Dès lors que naît un conflit, il y a rarement un juge compétent dans le droit de l’environnement .

Concernant l’application de la norme, là aussi, on rencontre de nombreux obstacles dans le champ de l’environnement.
D’abord parce que les conséquences des normes sont souvent lourdes, pour l’industriel, pour l’agriculteur, pour la collectivité locale, pour l’Etat. Un poids tel que parfois, même avec la meilleure volonté du monde, certaines normes ne peuvent pas être mises en œuvre.
Ensuite, et c’est souvent le cas, la norme est peu claire, trop vague et imprécise (c’est parfois même volontaire), laissant une grande marge d’interprétation.
Il arrive également qu’elle entre en conflit avec d’autres normes. Ou qu’elle soit assortie d’un contrôle trop limité et de sanctions insuffisamment dissuasives.
En résumé, d’une manière générale, le droit de l’environnement manque de dents pour mordre. Un exemple, celui du commerce international des OGM. L’Union européenne, associée à un grand nombre de pays en développement, a porté la négociation du protocole de Carthagène sur la prévention des risques biotechnologiques, adopté en janvier 2000, qui réglemente le commerce international des OGM, permettant à un Etat de refuser l’importation d’OGM au nom de considérations sanitaires ou environnementales, d’invoquer le principe de précaution, ainsi que des considérations économiques et sociales. Malheureusement, dès lors que naît un conflit, il y a rarement un juge compétent dans le droit de l’environnement, à même de trancher à l’échelle internationale. Aussi, lorsque le dissensus est apparu sur cette question des OGM entre l’Europe, d’un côté, les Etats-Unis, le Canada et l’Argentine, de l’autre, le conflit s’est réglé à l’OMC. Car celle-ci, contrairement au droit de l’environnement, dispose d’outils et de juges puissants. Résultat, le juge de l’OMC a estimé que le protocole de Carthagène ne relève pas du droit applicable et décidé qu’il fallait appliquer le droit de l’OMC.
J’ajouterais qu’il est très difficile de mesurer l’effectivité d’une norme, en raison de la complexité des systèmes sociaux et des systèmes environnementaux, lesquels sont tous deux en perpétuelle évolution. Aussi est-il malaisé de repérer, ex-post, ce qui relève réellement des conséquences de la norme et ce qui lui est extérieur. Certes, les législateurs français et européen se sont engagés à évaluer les impacts environnementaux, économiques et sociaux de ces dispositifs. Mais en réalité, cette évaluation exige du temps et des moyens considérables dont je doute qu’ils soient mobilisés.

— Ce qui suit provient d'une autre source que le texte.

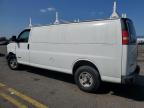 CHEVROLET EXPRESS G2 photo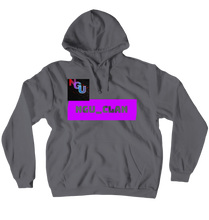 NGU_Clan  Hoodies (No-Zip/Pullover)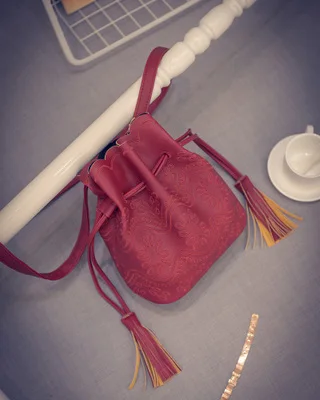 Женщины Дамы Винтаж Кожа сумки На Ремне Сумки Посланник Crossbody сумка|handbag keychain|handbag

Une simplification démagogique, une complexification logique

Dans ce contexte, quelles pistes de réflexion pouvons-nous explorer ? Comme je l’ai dit, jamais les problèmes environnementaux n’ont été aussi aigus et n’ont suscité une inquiétude aussi vive. Il y a là à la fois une demande sociale extrêmement forte et des obligations juridiques de protection de l’environnement inscrites au plus haut niveau dans notre droit : la Charte de l’environnement a une valeur constitutionnelle en France, et les traités européens font obligation de viser un haut niveau de protection de l’environnement. Alors que faire aujourd’hui, après ce constat d’empilement des normes et de difficultés de mise en œuvre ?
Certains prônent la simplification normative. Ce discours peut être teinté de démagogie ; je songe notamment au rapport Lambert-Boulard(1), qui veut tailler à la machette des pans entiers tels que les lois bioéthiques et le principe de précaution, qui seraient le signe d’une société frileuse… Ce rapport a donné lieu à une circulaire, qui enjoint les ministres et les préfets à faire une interprétation facilitatrice des projets et à ne faire prévaloir que les exigences de sécurité. En tant qu’environnementaliste, je trouve le propos et la démarche inquiétants. On devrait pouvoir au moins en discuter. Certes, il faut simplifier, notamment les procédures, quand c’est nécessaire et opportun. Il faut aussi en permanence réfléchir, mettre en cohérence, améliorer l’édifice normatif. Mais je pense qu’il ne faut rien sacrifier sur le plan environnemental. Au contraire, il faut continuer à expérimenter de nouvelles façons de faire les règles. Nous sommes dans une phase d’apprentissage. Il faut que nos approches soient suffisamment souples dans le temps pour que les normes puissent évoluer en fonction du progrès technique, du progrès de connaissances, etc. Il faut également développer des approches inclusives avec les parties prenantes, institutionnaliser la délibération, co-construire à tous les niveaux. A l’échelle internationale, européenne, nationale et locale.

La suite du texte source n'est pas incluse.